I just seen this link after posting my last post. That is a cool looking bow. Is it still shooting or have you retired it? I think the lines of the bows from 10-12 years ago were graceful and IMHO some of the best looking compounds made from all the manufacturers. In some ways the newer they get the uglier they get. In some ways I like the looks of the new bows. I bought a 2012 martin and it is cool looking but I do think that they don't look as cool as the martins from 2006 on back to 1997.


----------



## Bigboar (Sep 18, 2010)

Martin_Shooter1 said:


> You guys remember the browning compounds from the 80s? The excellerator 2 stage wheels? I always thought the brownings were beautiful bows. Their wood risers were gorgeous.


I have one of those Browning bows, but it just hangs on the wall. They had lot of issues with their laminated limbs even when they were new. No way would I put it under load after all of these years.

Todays bows are so good there is not much reason to mess around.


----------



## Martin_Shooter1 (Jan 25, 2012)

Bigboar said:


> I have one of those Browning bows, but it just hangs on the wall. They had lot of issues with their laminated limbs even when they were new. No way would I put it under load after all of these years.
> 
> Todays bows are so good there is not much reason to mess around.


I understand what you are saying but some of us like to mess around. It satisfies our inner monster...:wink: I get so ansy when I am out of projects to mess with my wife gets tired of being around me lol. If I aint building, repairing, tinkering, or working I am usually bored out of my mind.


----------



## Shooter6 (Jan 5, 2012)

Good looking bows guys.


----------



## Don Schultz (Jul 5, 2002)

Martin_Shooter1 said:


> ...That is a cool looking bow.
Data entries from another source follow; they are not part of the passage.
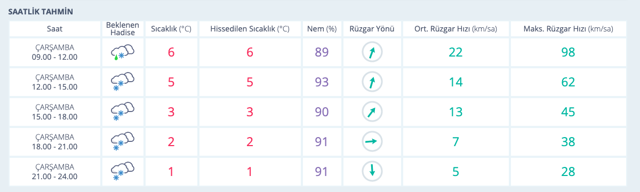 Kütahya kar saati kaçta saatlik hava durumu fena - Resim: 0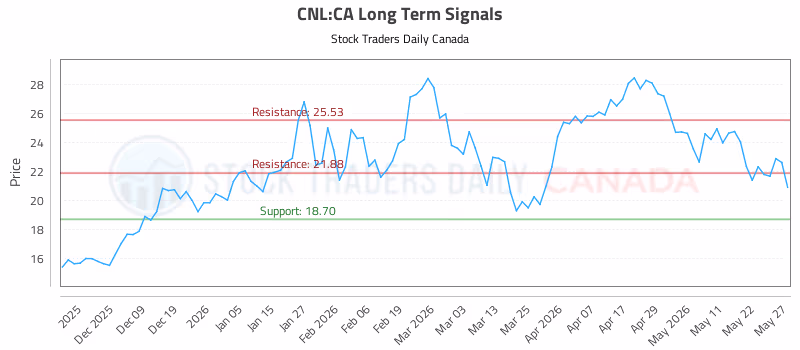 Stock Chart for CNL:CA
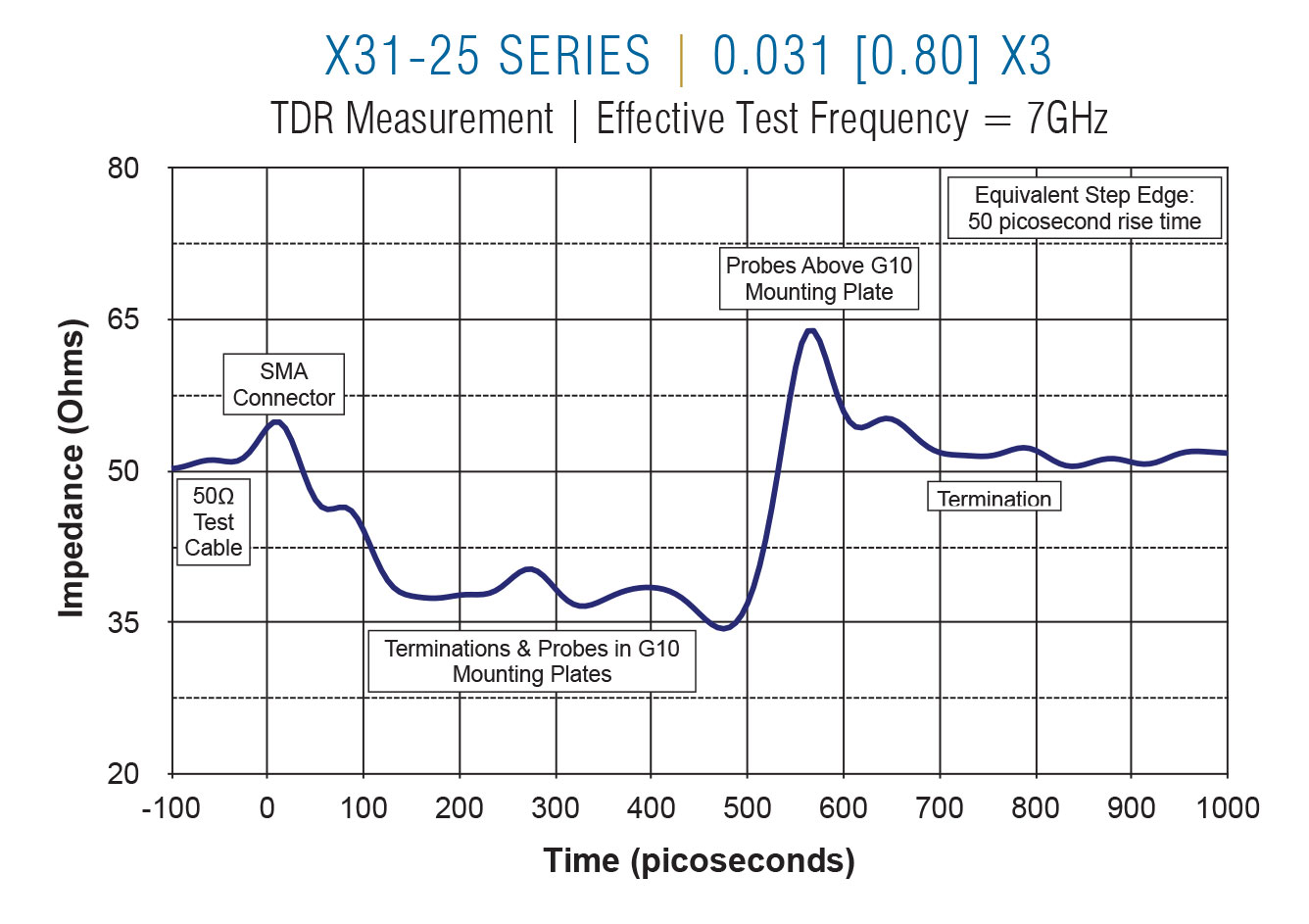 X31-25 TDR on 0.031 centers x3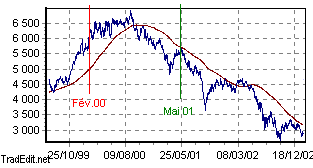 Trading février 2000 et mai 2001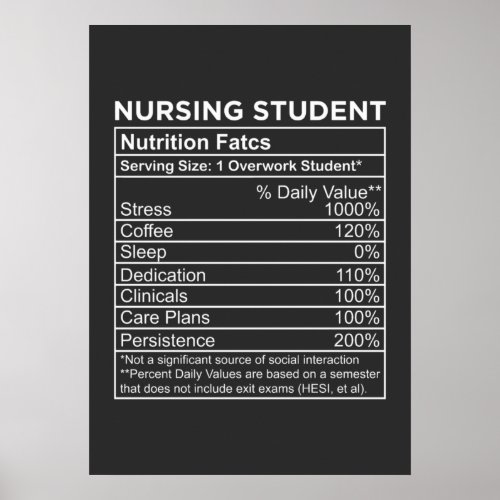 Nursing Life  Nursing Student Nutrition Facts Poster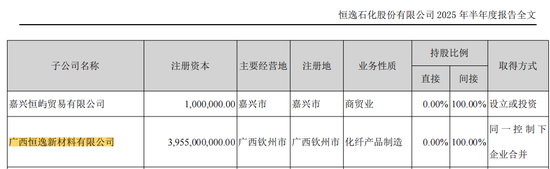 “进入厂区请放弃一切自由”，恒逸石化全资子公司现雷人标语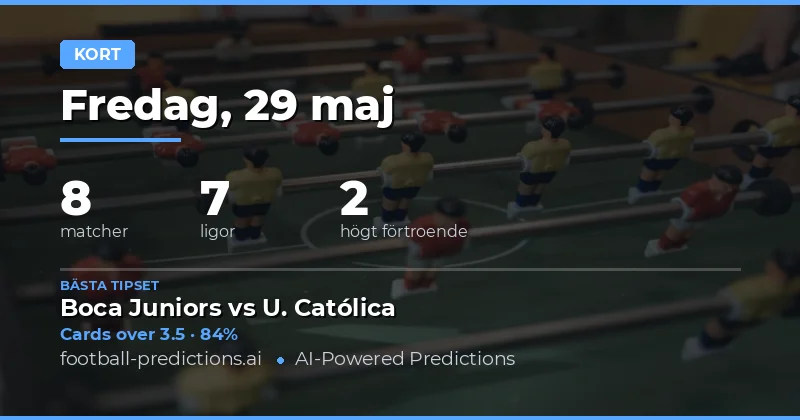 Gulaktsanalys och bettingtips för veckoslutet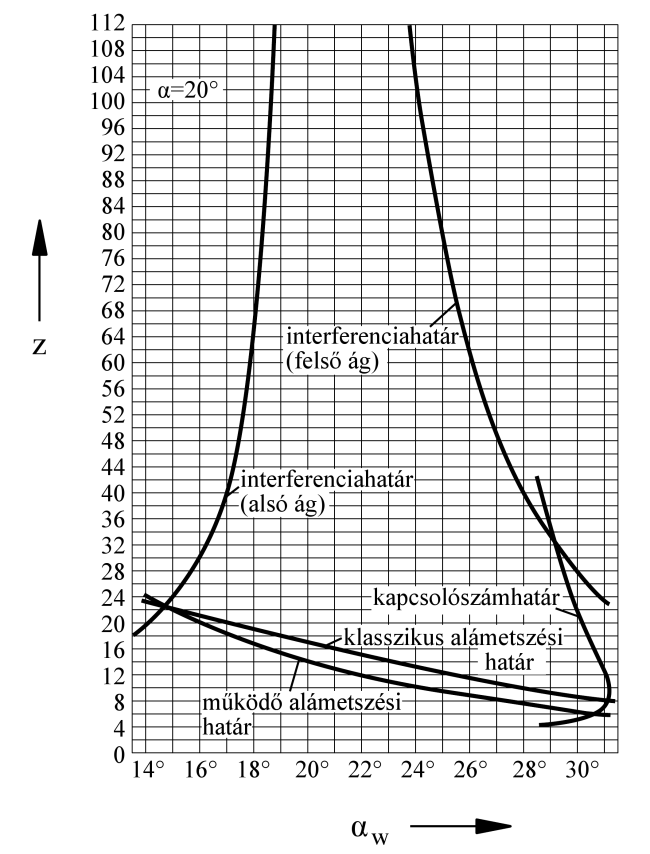 8. FOGAZATTÍPUSOK 83 8.4. ábra: A fogazattartomány határai u= esetén A fogprofilok alámetszése a fogaskerékhajtás szilárdságát, terhelhetőségét csökkenti, ezért mindenképpen célszerű elkerülni!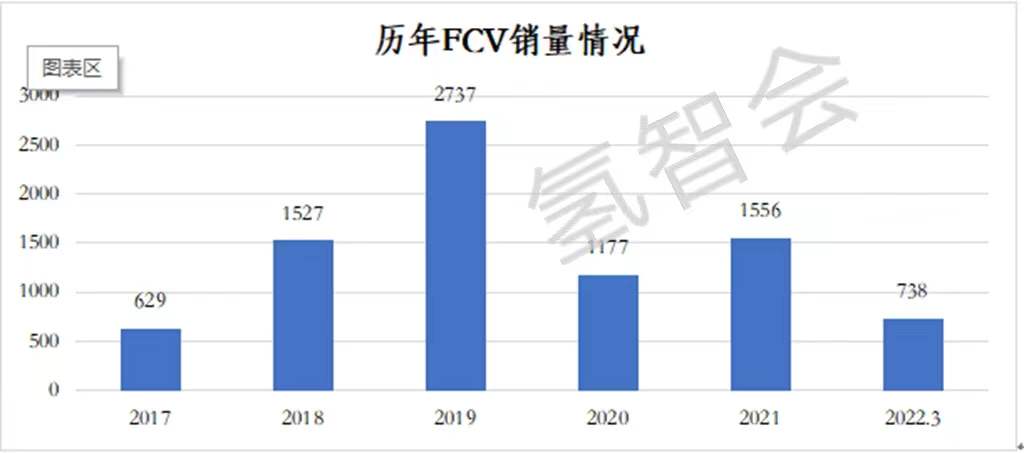 2022年一季度FCV产销简析及后续产销预测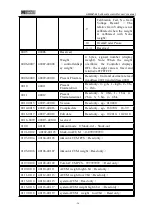 Preview for 32 page of General Measure GM9907 Series User Manual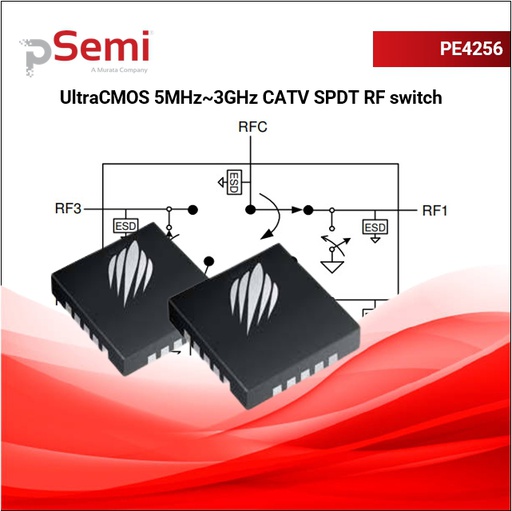 [PE4256MLIAA-Z] PE4256 5MHz ~3GHz UltraCMOS® SPDT CATV Switch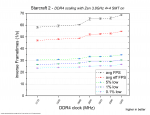 sc2 ddr4 scale.png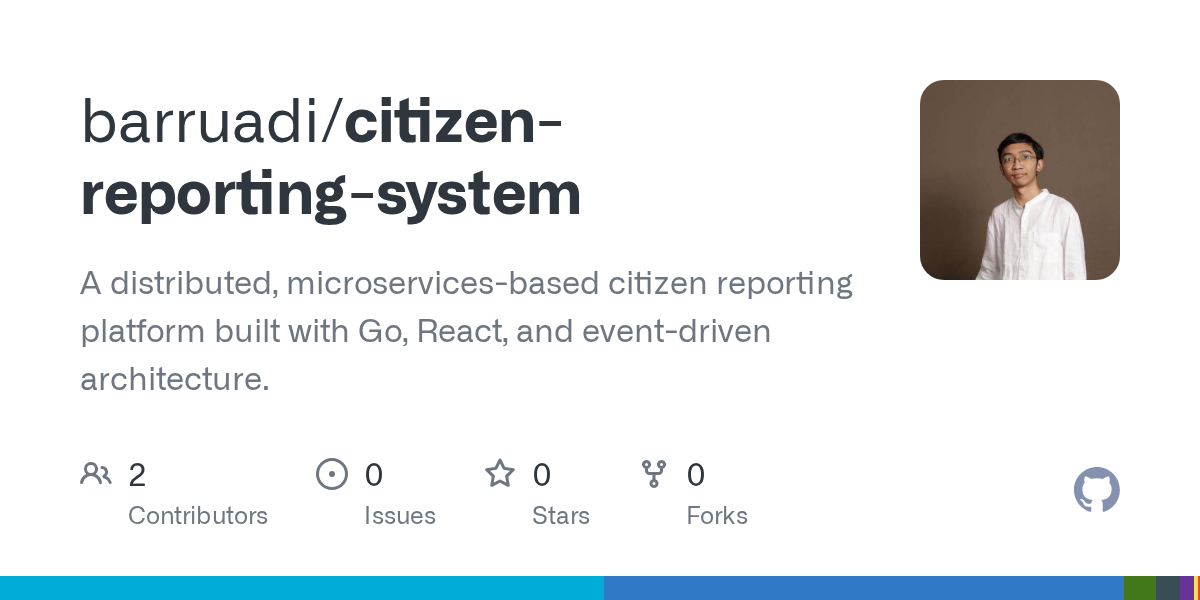 Citizen Reporting System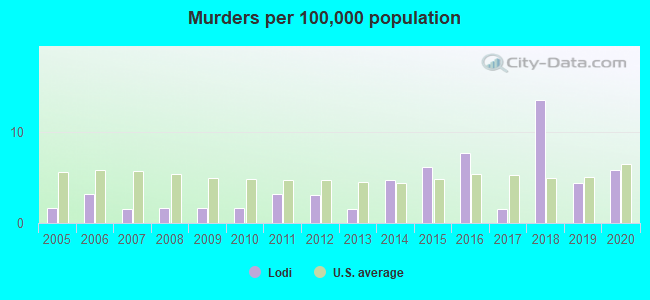 Murders per 100,000 population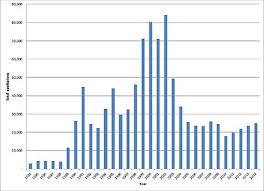 Demography Of The United Kingdom Wikipedia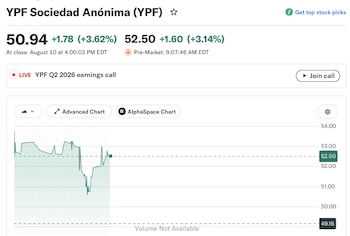 El desempeño del ADR de YPF en el "pre market".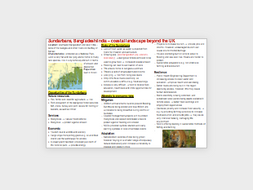 Sundarbans climate change picture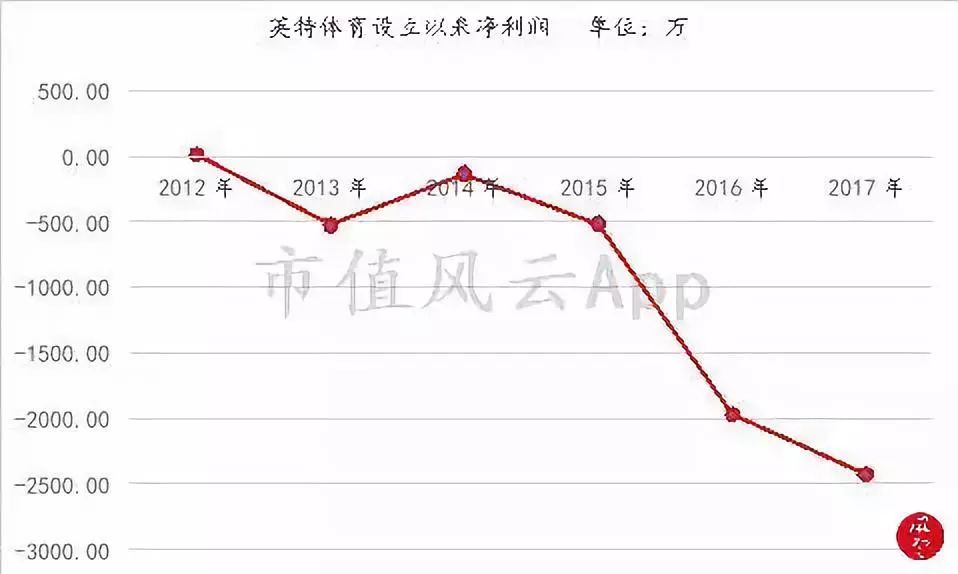 鄂尔多斯天气评测3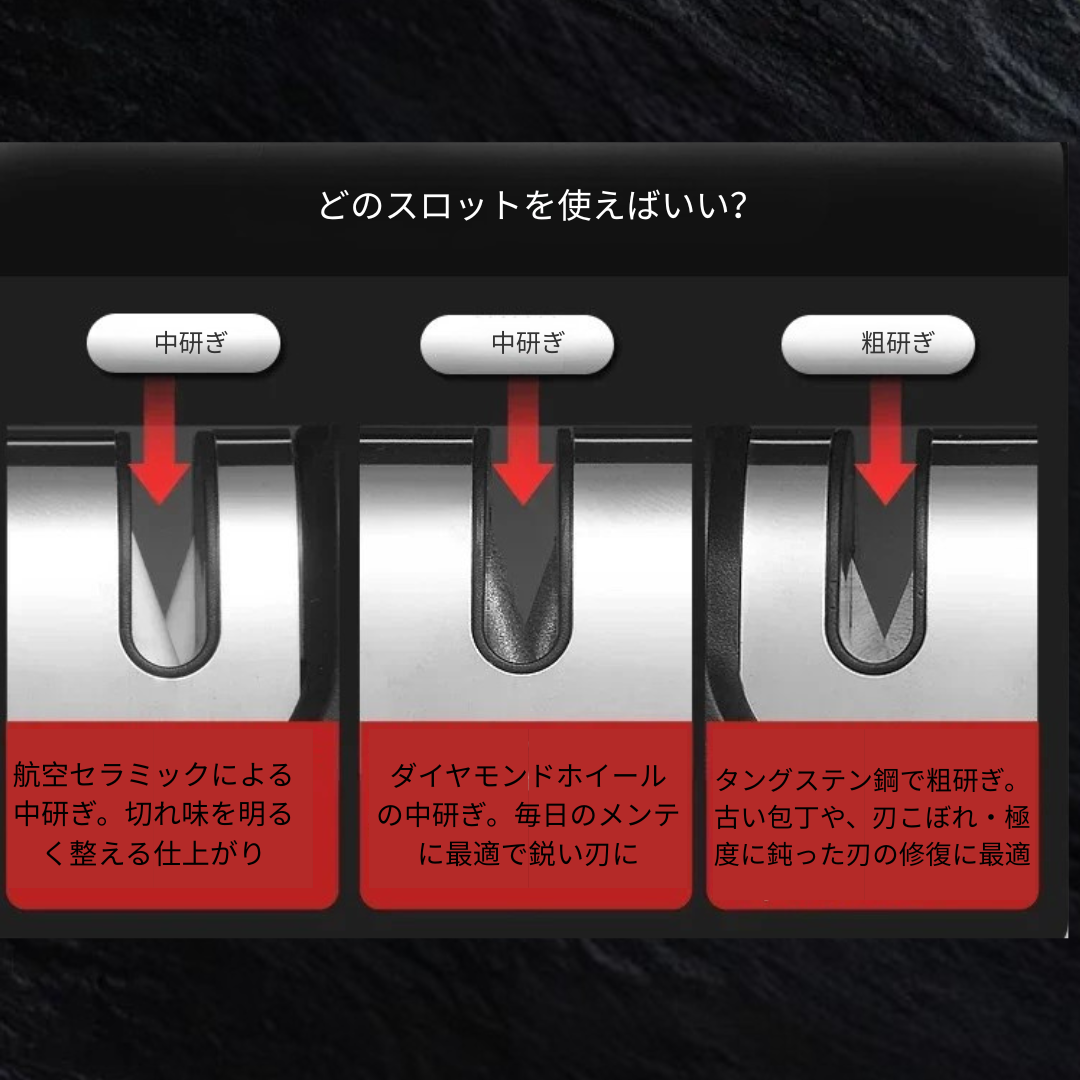 KireModori™ – 1台4役包丁シャープナー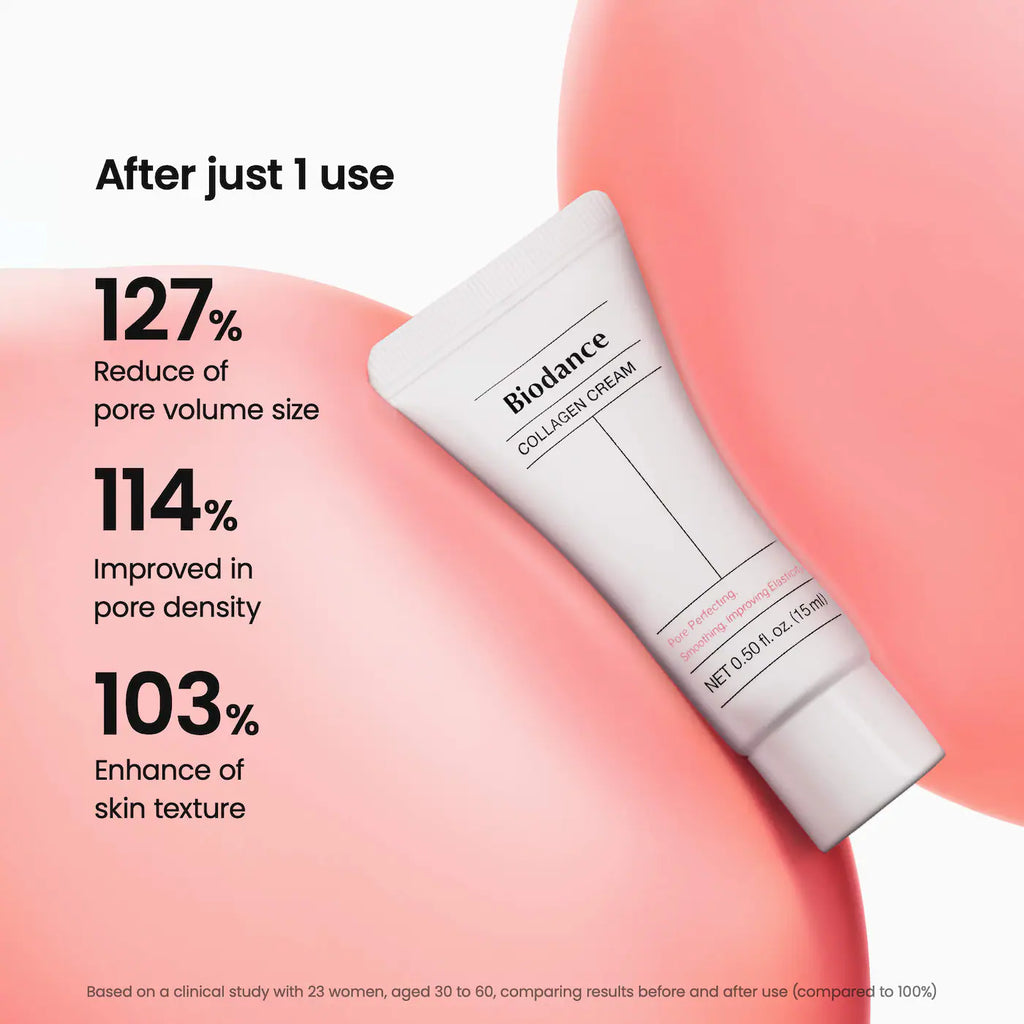 Biodance Bestseller Trial Kit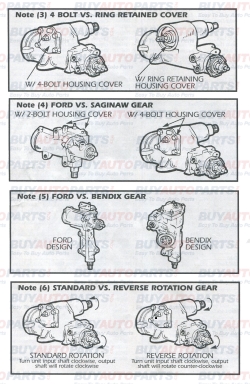 How to buy a steering gearbox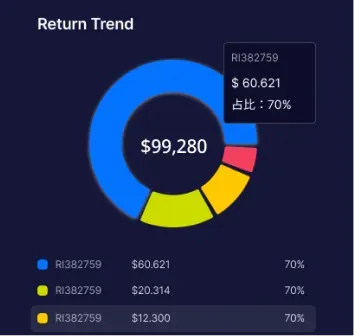 无与伦比的客户服务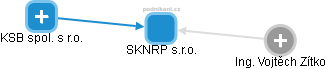 SKNRP s.r.o. - náhled vizuálního zobrazení vztahů obchodního rejstříku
Is it still shooting or have you retired it?...


Because the limbs that I installed were straight rather than recurved, I thought the bow gave up some looks. I agree that bows like the PSE X series are just "too functional" to be estheticaly satisfying. I find my almost parallel limb 2006 Darton Tempest to be pretty nice. 

I retired Frank because there was some cracking in the JB Weld holding spacers I made for the limb pockets, plus I had taken the bow as far as it would go in competition. On the target range, my Darton Tempest out shot Frank, and my Darton Cyclone, and even my beloved XI Legend Magnum. Frank was faster than even the new (to me) Tempest, but the Tempest was with in a few FPS, and always shoots straighter.

In a lot of ways, Frank was the most satisfying to shoot bow I ever had. But today I have to say the best shooting bows I owned used for competition and hunting were: 1.) 06 Darton Tempest, 2) '89 XI Legend Magnum, 3) 00 Darton Cyclone, 4) FrankenBow. Note; the Legend Magnum, Cyclone and Frank were pretty close. The Tempest is way out front.

My latest back up hunting bow is a mid-90s Darton Wrangler with the same Revolution Archery cams that were on Frank. With the factory recurved limbs at almost 70lbs., the Wrangler is as handsome as any compounds of the era. Another 'looker' I owned was my XI Legend Magnum. At the time, I saw my compounds as utilitarian and not really handsome. I would say the first PSE X series bows set the newest trend of truely machine like bows. They look to me as utilitarian as a bulldozer. My old Wrangler is graceful in comparison. Of course, none of my traditional bow shooting friends like the looks of any compound. :wink:


----------